REQUIRED WORK –
Retype exactly the lines of the listing below from the one with "2001 Trøndelag Cabin" through the last, both included, and leave every picture out.

GIVEN INFORMATION –
....

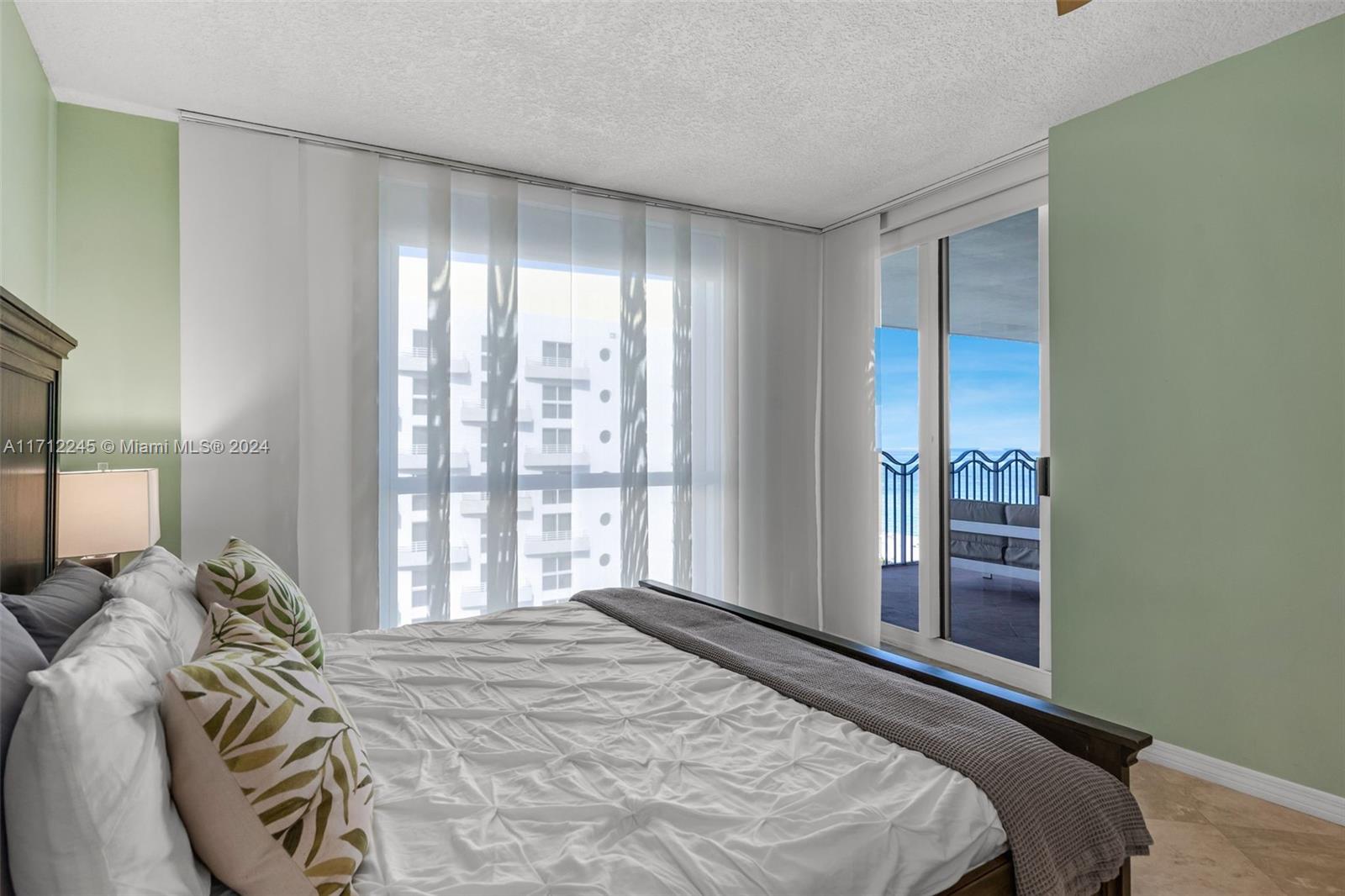 1500 Ocean Dr #PH-05, Miami Beach, Florida image 14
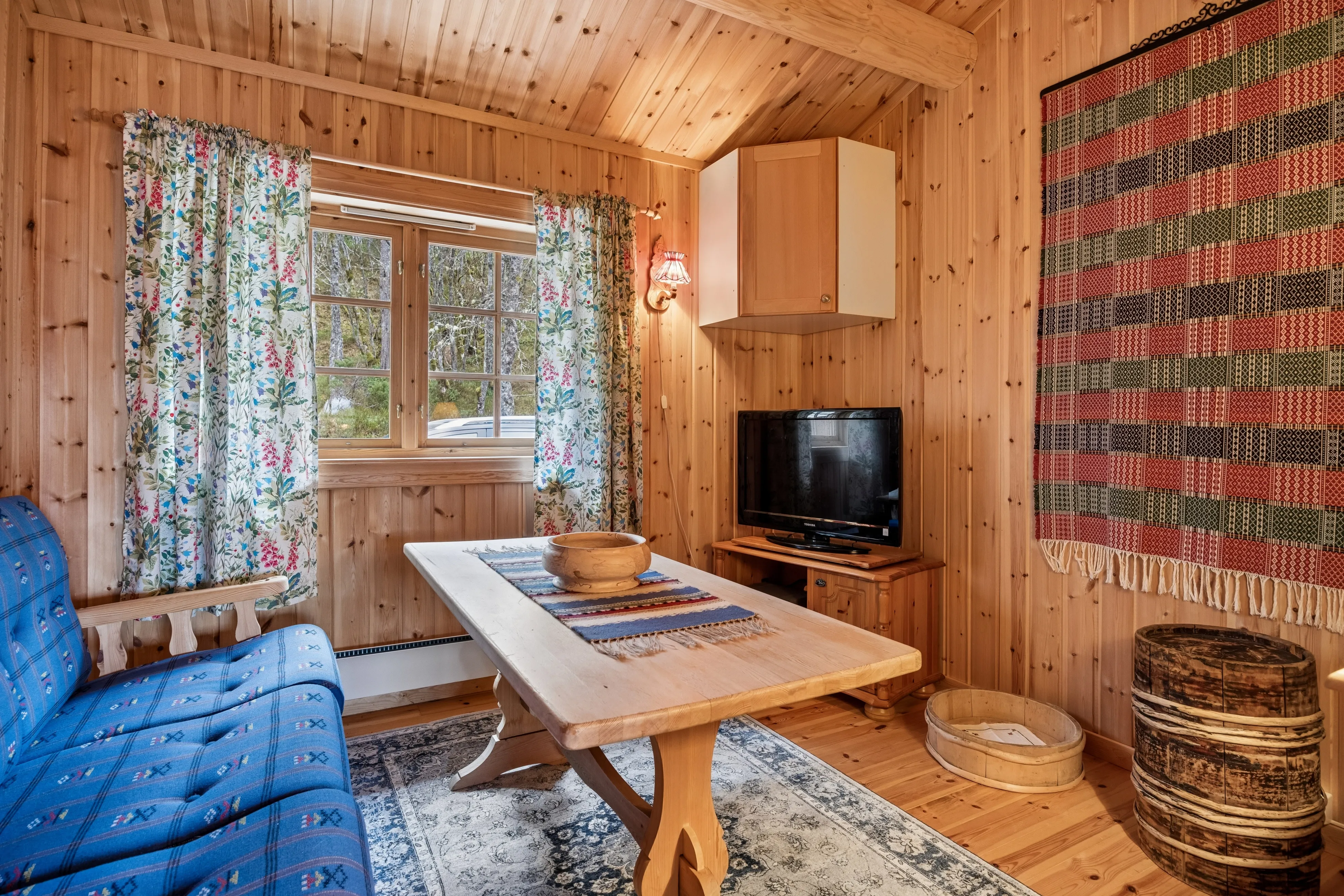 2001 Trøndelag Cabin with Expansive Terrace and Sea Proximity - View image 17 of 38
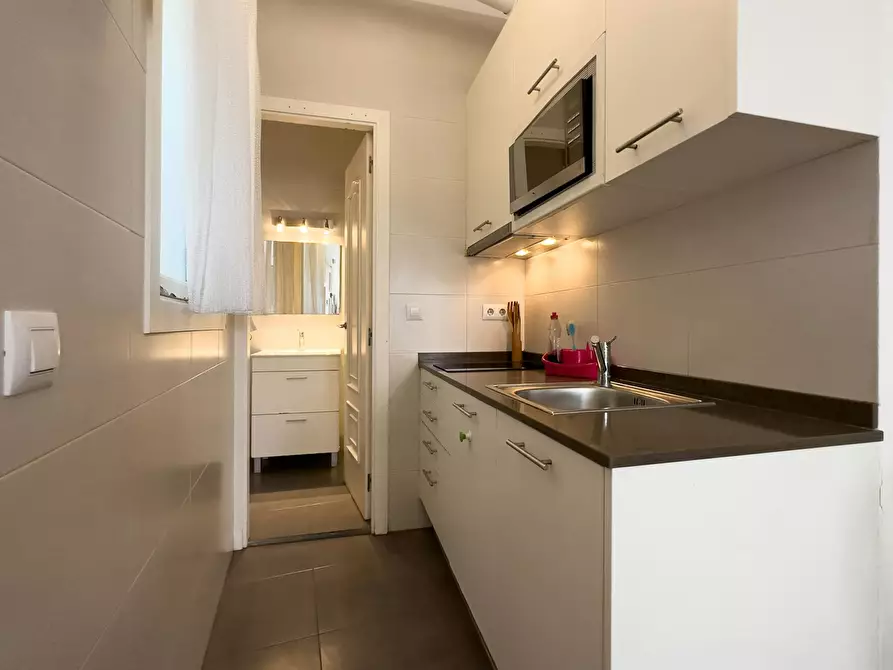 Immagine 5 di Appartamento in affitto  in Carrer de la Cera a Barcelona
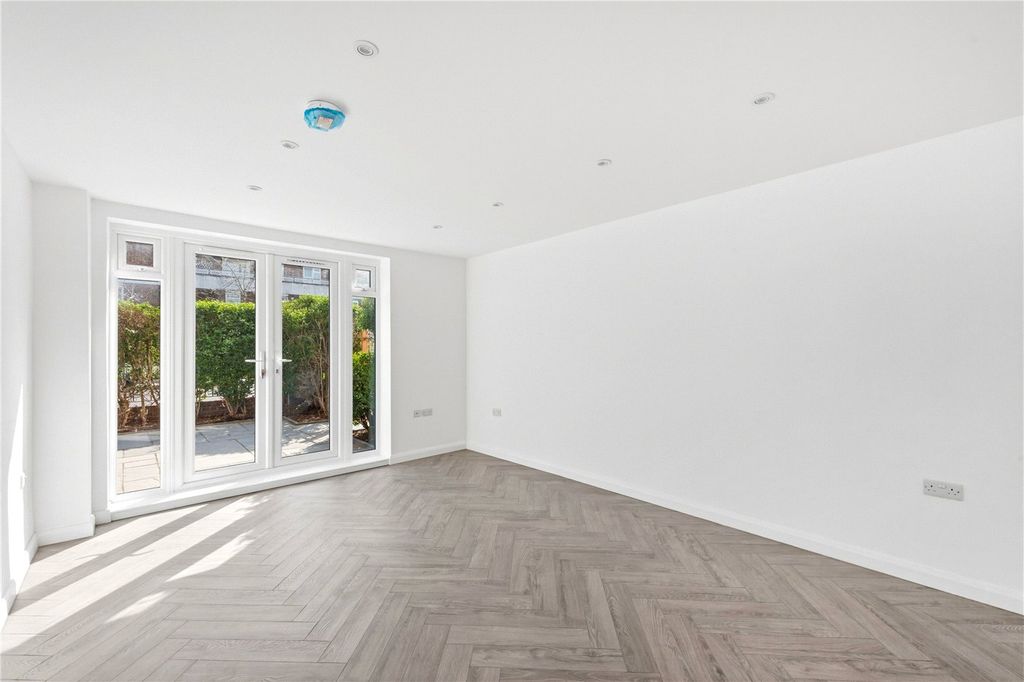 Property photo 1 of 14 Picture No. 05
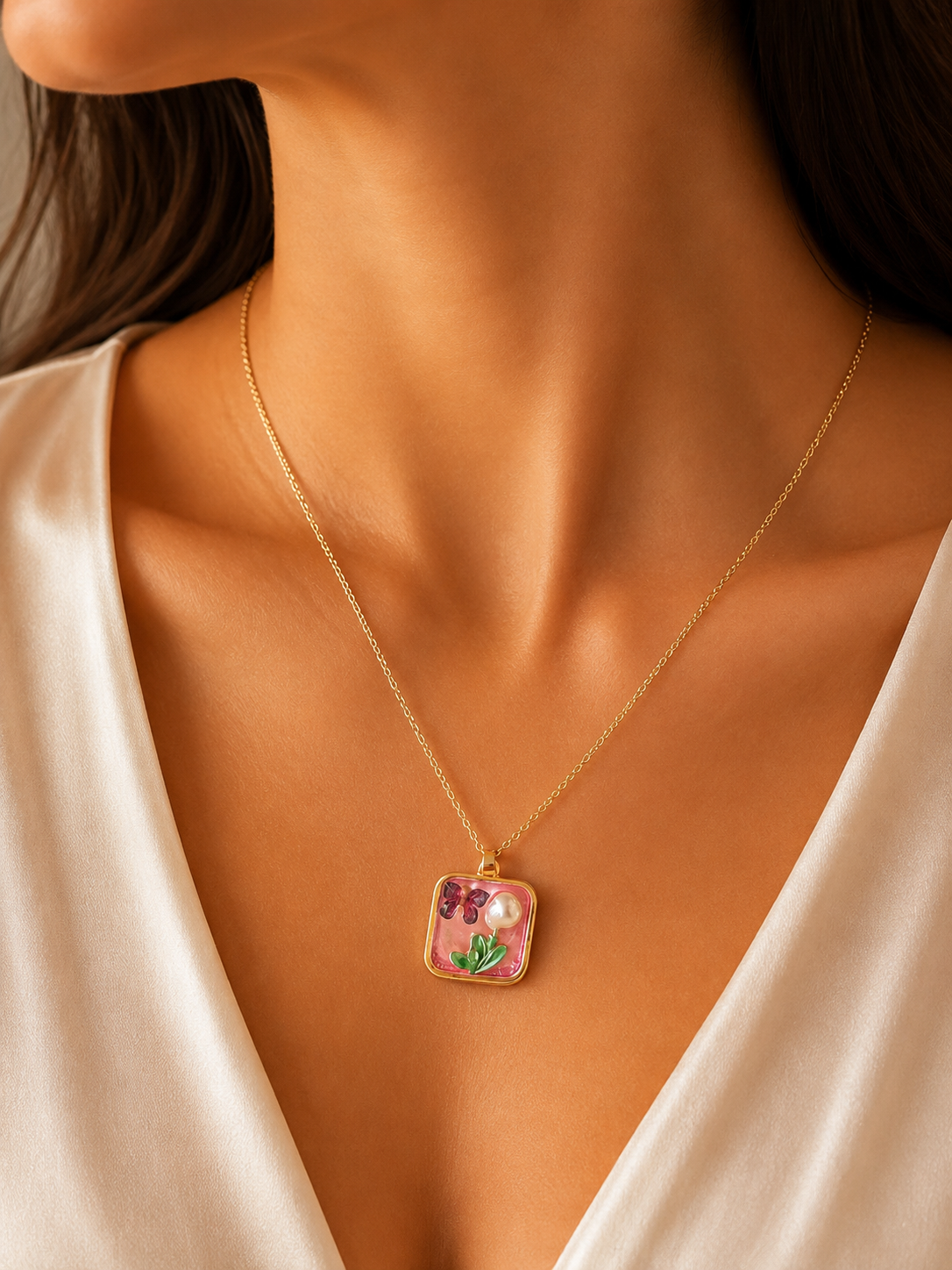 Rośe Butterfly Necklace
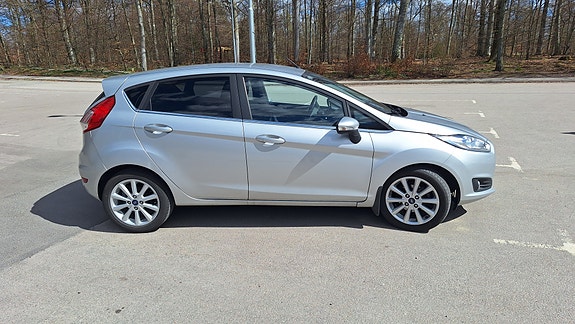 Ford Fiesta 3 of 5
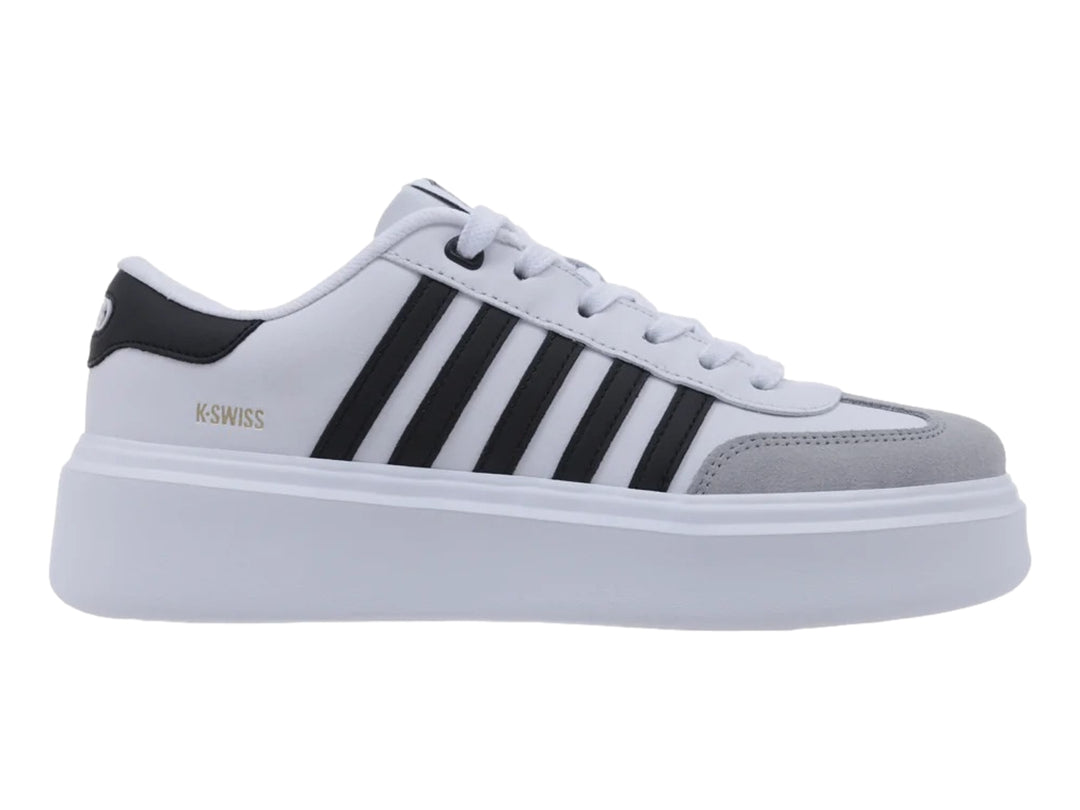Tenis K-Swiss Francis Court Platform en color blanco con franjas negras laterales y suela de plataforma blanca.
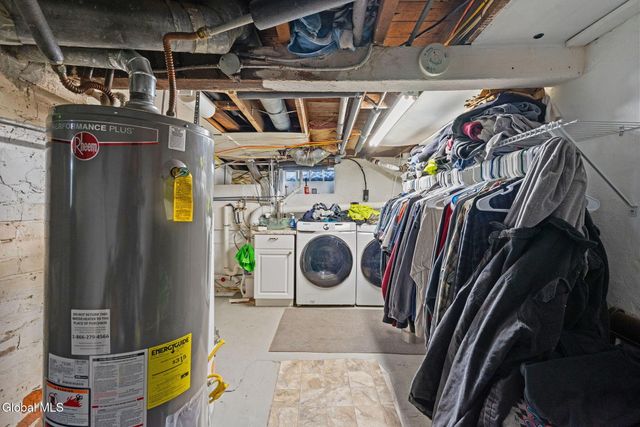 1417 3rd Avenue, Schenectady, NY 12303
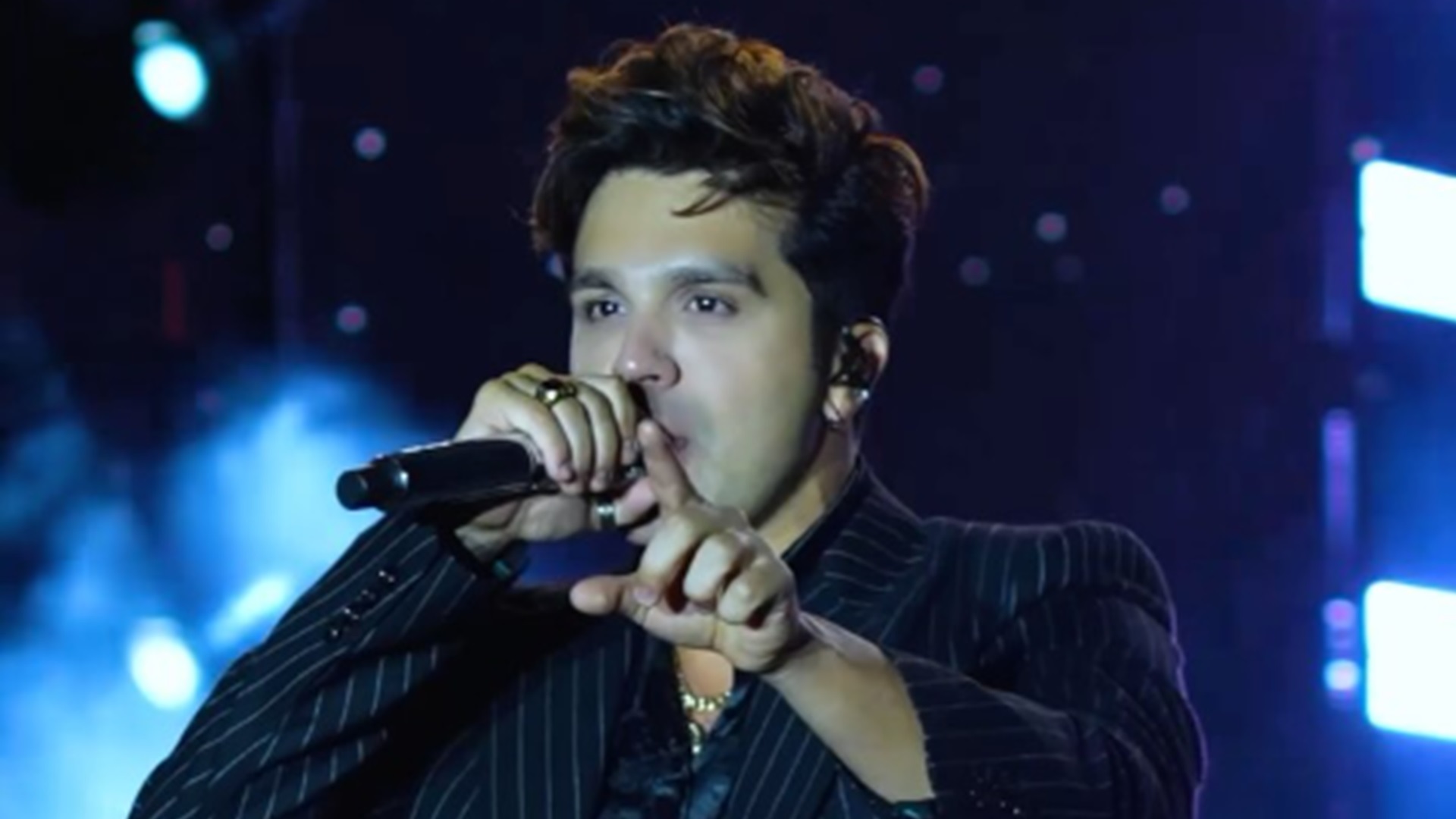 Luan Santana celebra 15 anos da música Meteoro com surpresa para os fãs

....

YOUR RESPONSE –
 2001 Trøndelag Cabin with Expansive Terrace and Sea Proximity - View image 17 of 38
 Immagine 5 di Appartamento in affitto  in Carrer de la Cera a Barcelona
 Property photo 1 of 14 Picture No. 05
 Rośe Butterfly Necklace
 Ford Fiesta 3 of 5
Tenis K-Swiss Francis Court Platform en color blanco con franjas negras laterales y suela de plataforma blanca.
 1417 3rd Avenue, Schenectady, NY 12303
 Luan Santana celebra 15 anos da música Meteoro com surpresa para os fãs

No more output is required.